Gente líquida em águas de mariana

Foi uma longa viagem a de voltar para casa esta noite. Eu vinha de barco, mesmo estando a bordo dum ônibus Marex Arsenal. Vinha de barco.
E nesta longa viagem eu olhava pela janela do ônibus (que era barco) e não via os carros, não via os prédios, não via a rua. Durante quarenta e alguns minutos eu ali, dentro do ônibus, sentada.
Imóvel e Surda na aparência. Dançando e cantando na consciência.
É que por dentro eu tinha um grito, dois suspiros e um sorriso. Nem sei dizer se isto foi uma embriaguez ou se estava mesmo atuada, mas posso afirmar aqui para todos que fui tomada por alguma espécie de tranze quando fui ao teatro Cláudio Barradas assistir ao espetáculo “Águas de Mariana” do Grupo Experimental de Teatro GeMtE, e quero com esta escrita compartilhar minha alegria e propor que vocês troquem de coração comigo, assim como propôs uma das atrizes ao público durante o espetáculo, afirmando que nossos corações todos pulsam iguais e no som do toque do tambor na mina, como pulsa o coração da cabôca Mariana. Durante o espetáculo, as atrizes desmontam repentinamente e dirigem-se ao público para relatar experiência pessoais, falar sobre a pesquisa, ou oferecer um aluá, e em seguida voltam como se nada tivesse acontecido.

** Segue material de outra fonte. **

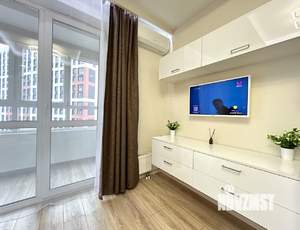 1-к квартира, посуточно, 36м2, 1/1 этаж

No desenho de cena há um enquadramento verticalizado, muito comum na configuração dos terreiros, que dispõe tambor e abatazeiro ao fundo, e o público acomodado nas laterais, direita e esquerda, para que ao centro, bailem os deuses e as deusas. Nesta montagem também há um apelo multisensorial com odores e sabores peculiares a umbanda, mas entra neste jogo também o recurso audiovisual que contribui para a socialização das falas de pais e mães de santo a respeito da fabulosa entidade. Tudo muito bem resolvido cenicamente, exceto a luz, esta um pouco problemática em relação ao desenho de cena, pois unifica demasiadamente os planos, vê-se o tudo e o nada deixando a leitura visual direta e didática demais, achei que não deu muito o clima da encantaria que é sempre muito misteriosa.

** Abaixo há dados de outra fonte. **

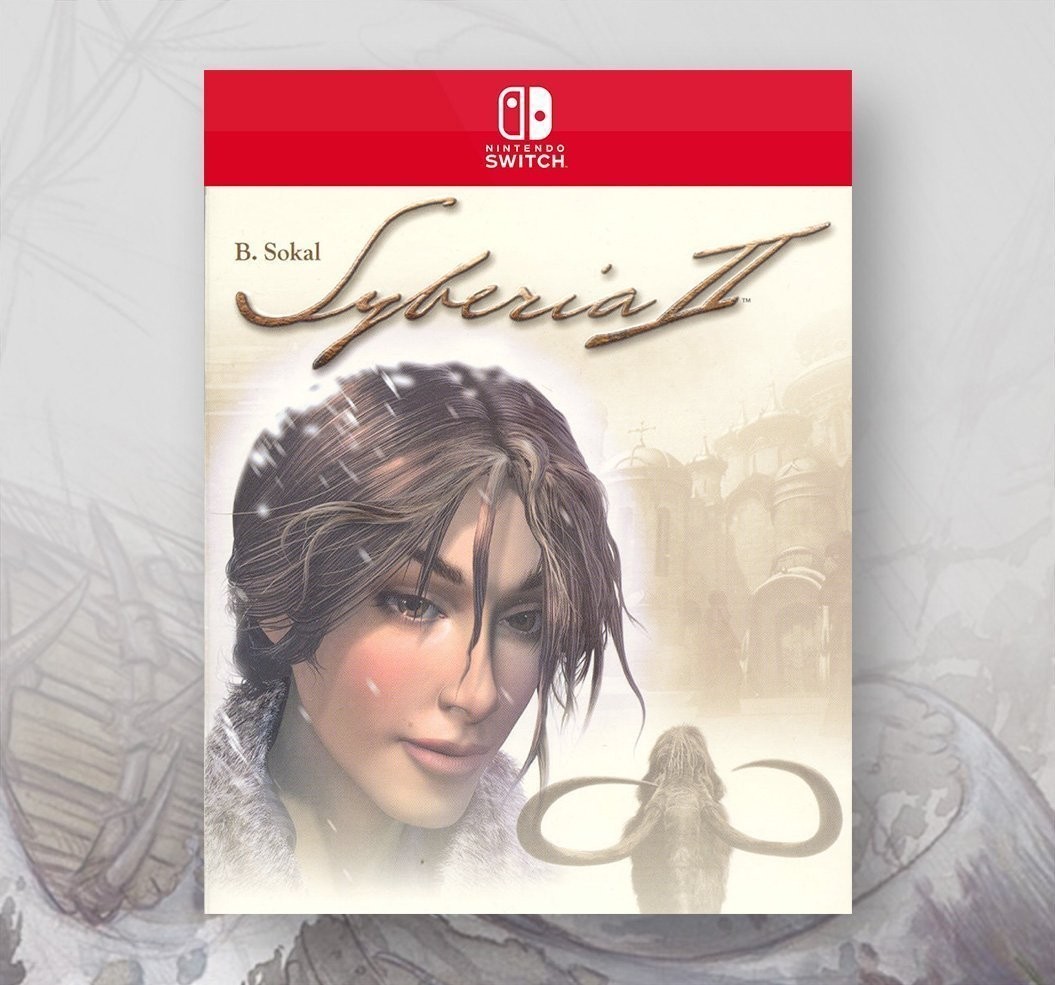 Syberia 2 (Nintendo Switch)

O trabalho de corpo das “Marianas” é digno da cabôca: Fluência firme, extensão e tonicidade bem marcada com uma alternância entre os níveis posturais em plano alto a médio, raramente usam o plano baixo (levitação incomum na dramaturgia contemporânea). E como se não bastasse, duplicam a figura da entidade que antes era princesa, depois de encantada é arara e marinheira. Nem viva nem morta, paira entre o céu das matas e a imensidão do mar e de vez em quando entra num corpo de alguém para ter a vivência terrena da ritualística amazônida.
Nesta multiplicação vertiginosa de duplos artaudianos, as duas atrizes interpretam a mesma personagem dialogando entre suas faces profanas uma metáfora de mãe que sacraliza a figura da mulher brasileira com autêntica poeticidade cabocla, e muito distante daquela visão de mãe da santa Maria sempre no céu, que segundo as vozes cristãs emprenhou sem sexo, entregou toda a vida ao próprio filho e sofreu muito por vê-lo sendo crucificado, e depois disso? Eu não sei responder o que aconteceu, sei que ela virou santa e foi pro céu, e olha para baixo com o olhar sempre piedoso a seus filhos.

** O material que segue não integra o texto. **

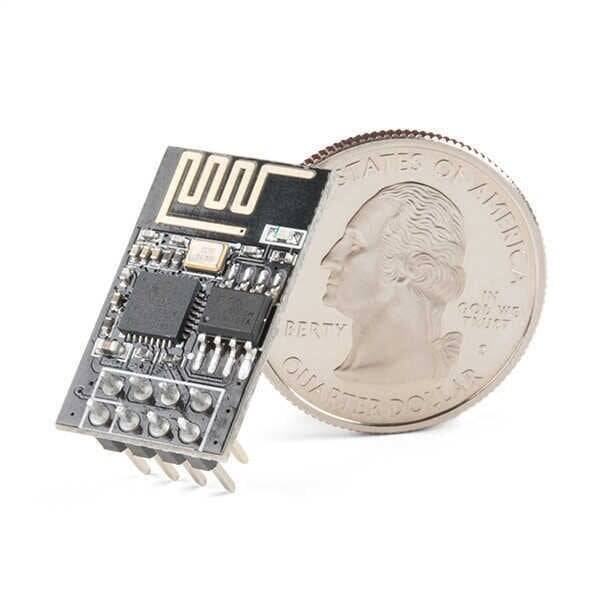 ESP8266 Uyğun Wi-Fi Serial Transceiver Module - 3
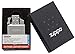 Zippo 65826 Butane Lighter Insert - Single Torch, Chrome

Em mariana, há uma mãe que desce a terra para cuidar de seus filhos, olha-os nos olhos, sorri, dança, canta sua postura é sensual, elegante, vaidosa, alegre e austera constantemente se afirmando na dignidade feminina absoluta e inabalável ela é marinheira, segura o leme e não deixa o barco virar!
Tão encantada quanto tantas mulheres que conhecemos no nosso dia a dia, ela cura e aconselha nossa gente sempre tão carente e abandonada, talvez isso faça de Mariana uma das entidades mais cultuada nos terreiros. Em cena, as atrizes mostram a mariana curandeira que é uma arara cantadeira, deixando a gente chegar perto dos segredos da mata, ouvindo pássaros, catando folhas e voando com os pés no chão. A outra, é a marinheira revoltosa, que viveu horrores da guerra e devastação de seu povo, enfrenta as marés, as tempestades e tem o poder de guiar vislumbrando sempre os horizontes.
“Águas de Mariana” me fez pensar no quanto é importante que a gente se reconheça na cultura popular através da arte, e no quanto ainda precisamos trabalhar muito para vencer as barreiras do preconceito amazônico, e que bom que tem gente poetizando nos cultos afro amazônicos e revigorando nosso precioso conhecimento herdado de gerações outras sem medo, sem amarras, sem sensuralismo disfarçado, diante de um mundo de estereótipos e artificialidades dos grandes veículos, com a face desnuda dos véus da mediocridade capitalista, e sim como a vontade e a força de nos afirmar cultural e socialmente com as bênçãos da cabôca Mariana.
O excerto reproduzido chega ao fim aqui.